**What to do:**
Only the lines from the beginning of the entries through the one that holds "Urban Street Fun" may appear in the answer, written out exactly and free of pictures.

**The records:**
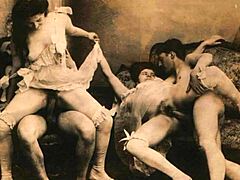 Vintage gruppe sex og blowjobs i denne vintage pornovideoen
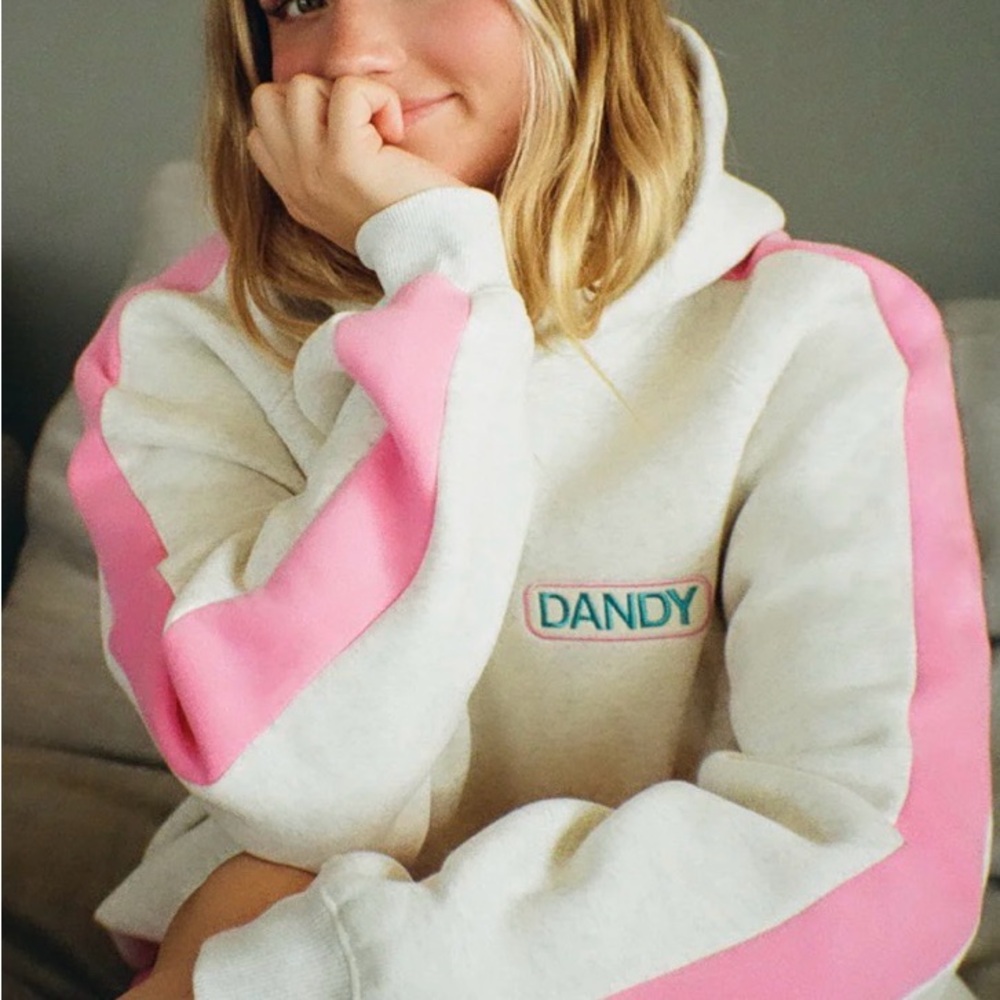 DANDY Logo Cream Sweatshirt with Pink Stripe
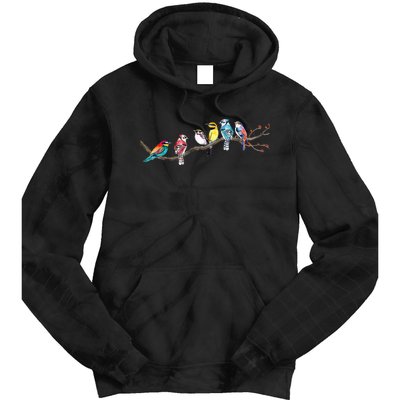 Birds On A Branch Birding Bird Watching Bird Watcher Tie Dye Hoodie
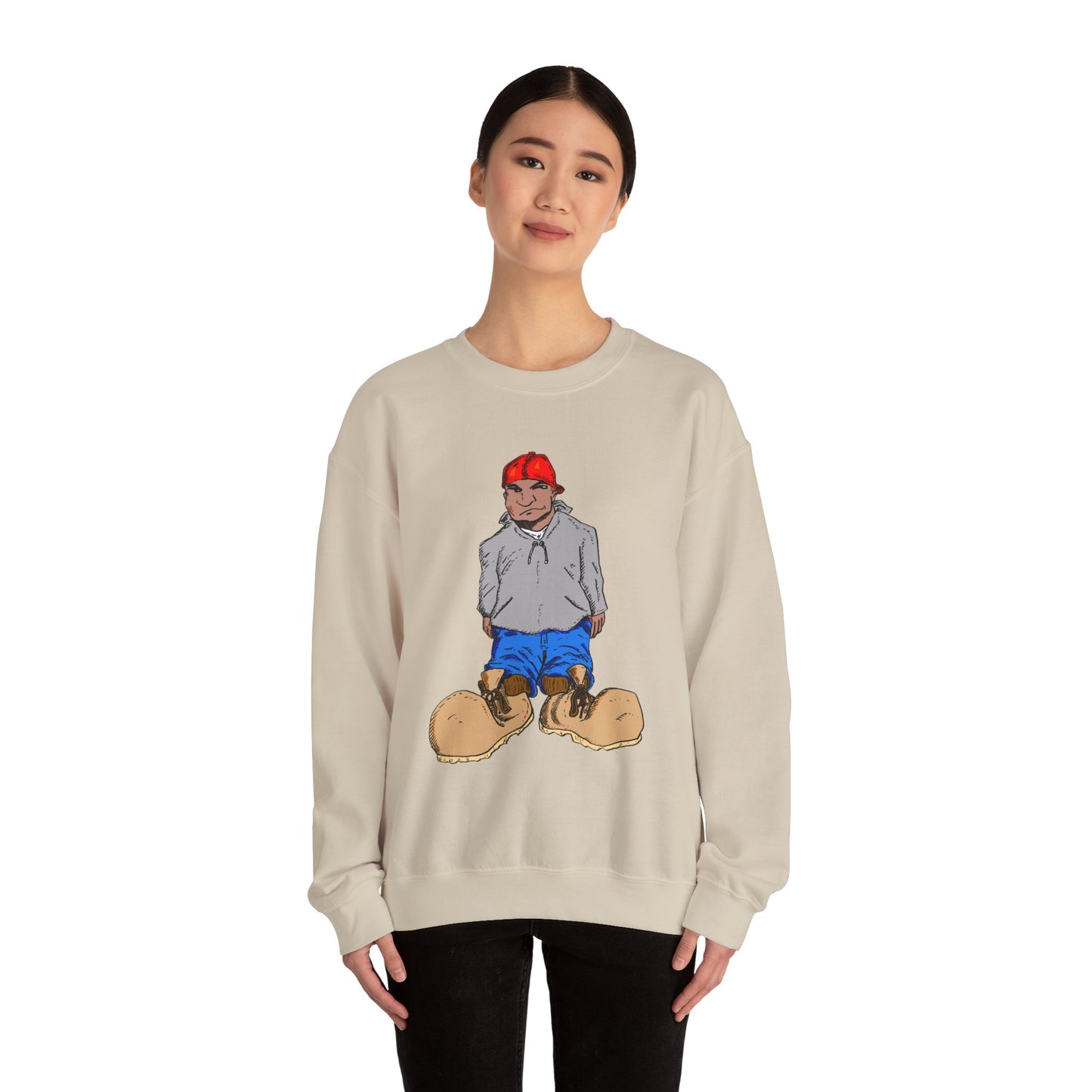 Urban Street Fun Character Boots Art Unisex Crewneck Sweatshirt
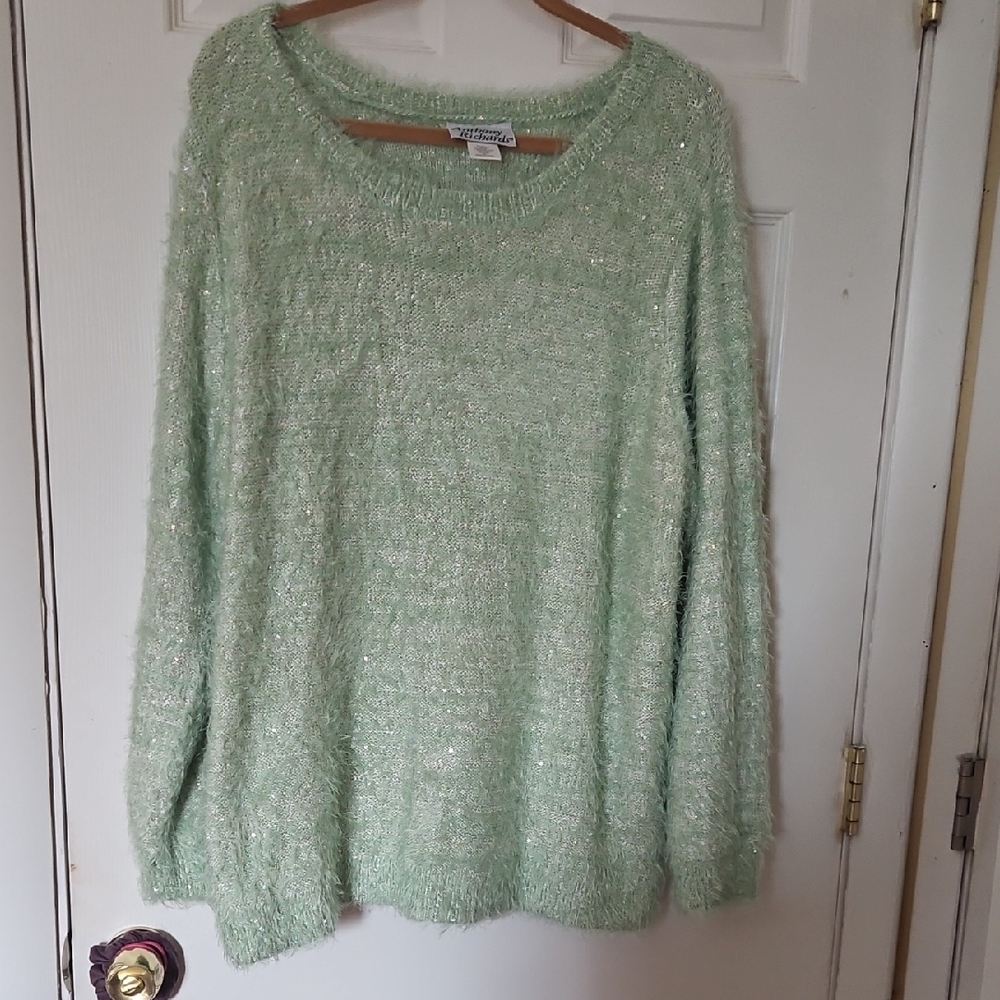 Anthony Richards Mint Green Sparkle And Fuzzy Sweater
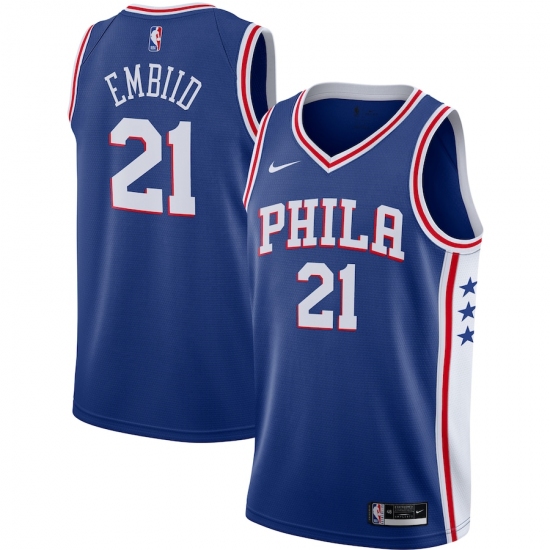Men's Philadelphia 76ers #21 Joel Embiid Nike Royal 2020-21 Swingman Jersey - Ujersey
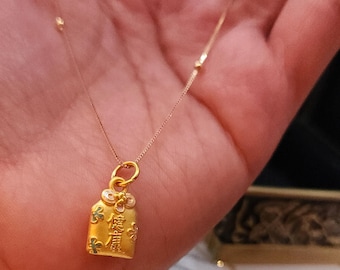 Real 24K Wealth Necklace 18K Gold Good Luck Necklace Lucky Mantra Necklace 24 Karat Auspicious Necklace Feng Shui Necklace Gift for Her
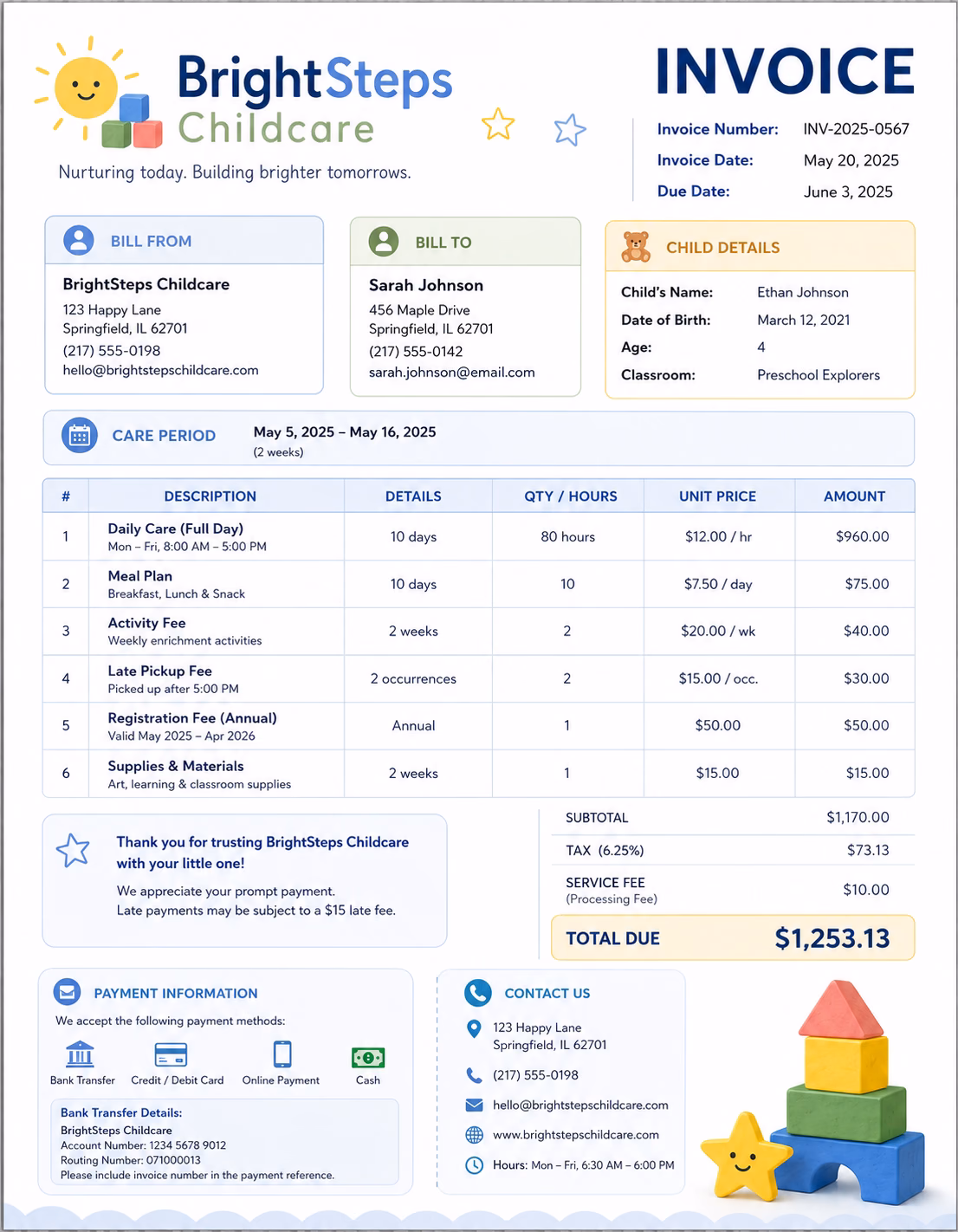 Childcare invoice template showing childcare services, care hours, service charges, and payment information
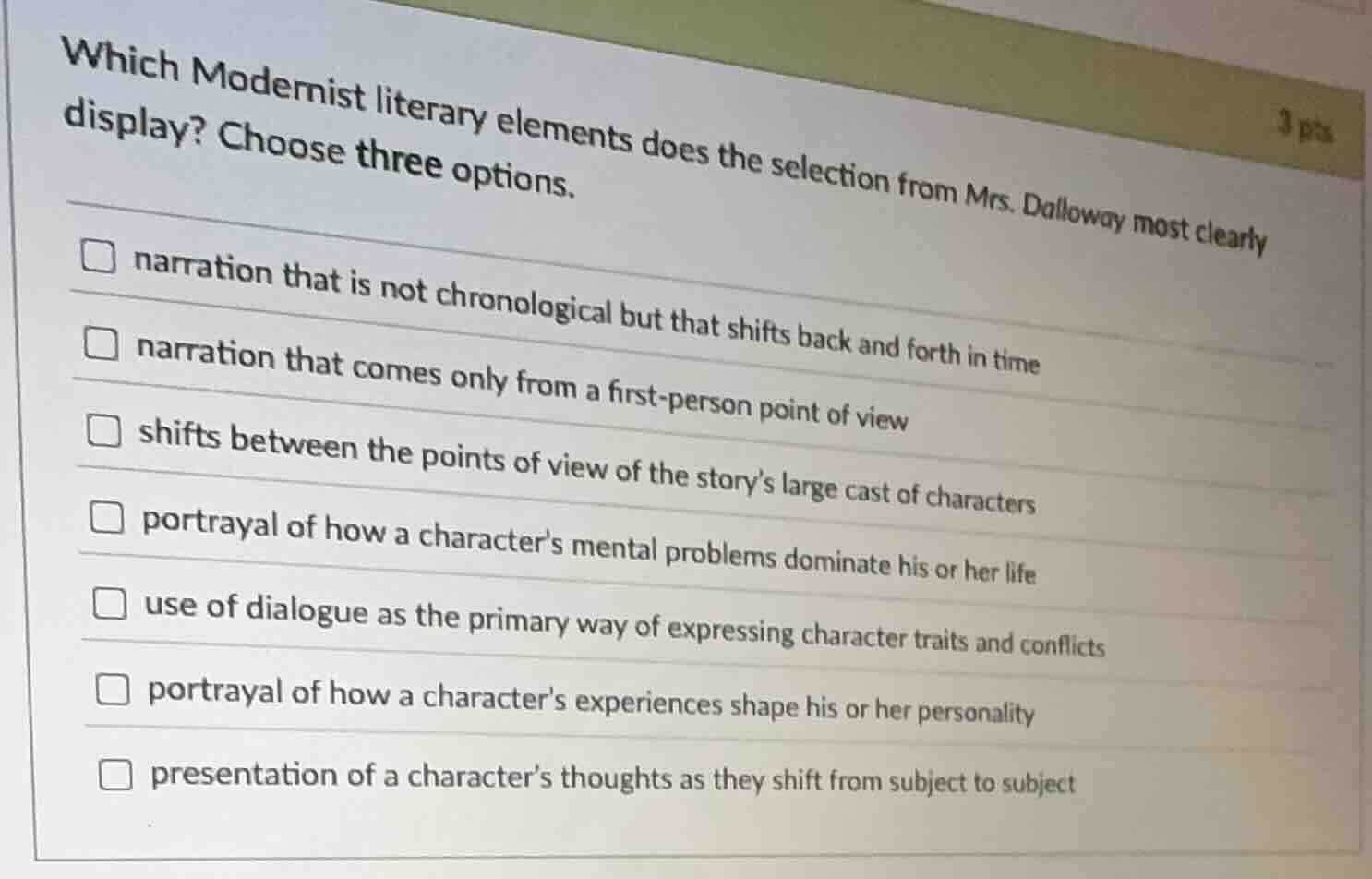 which modernist literary elements does the selection from mrs. dalloway…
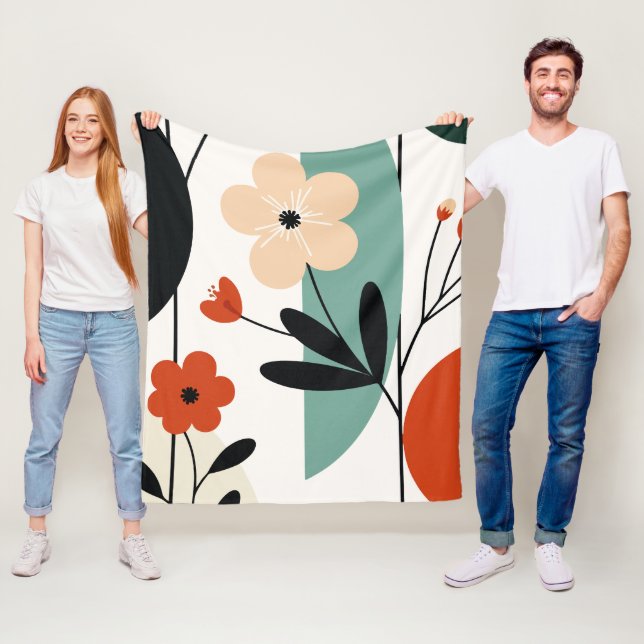 Blumen abstraktes Muster Fleecedecke (Beispiel)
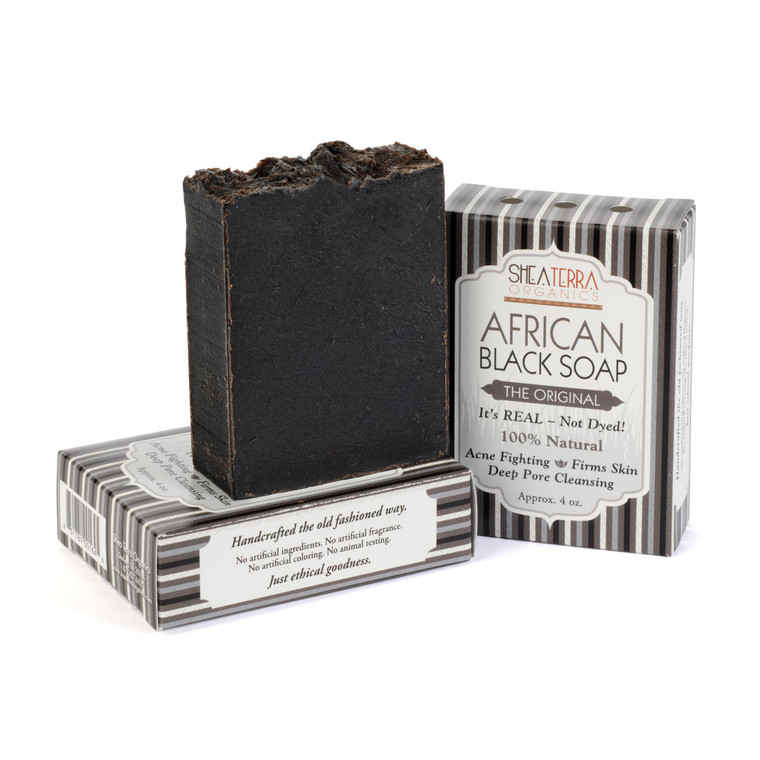 Shea Terra Organics Authentic African Black Soap Bar| Non Toxic All Natural Black Soap Full Body Wash that Cleanse, Refine, Firm Skin, Remove Acne an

**Task output:**
 Vintage gruppe sex og blowjobs i denne vintage pornovideoen
 DANDY Logo Cream Sweatshirt with Pink Stripe
 Birds On A Branch Birding Bird Watching Bird Watcher Tie Dye Hoodie
 Urban Street Fun Character Boots Art Unisex Crewneck Sweatshirt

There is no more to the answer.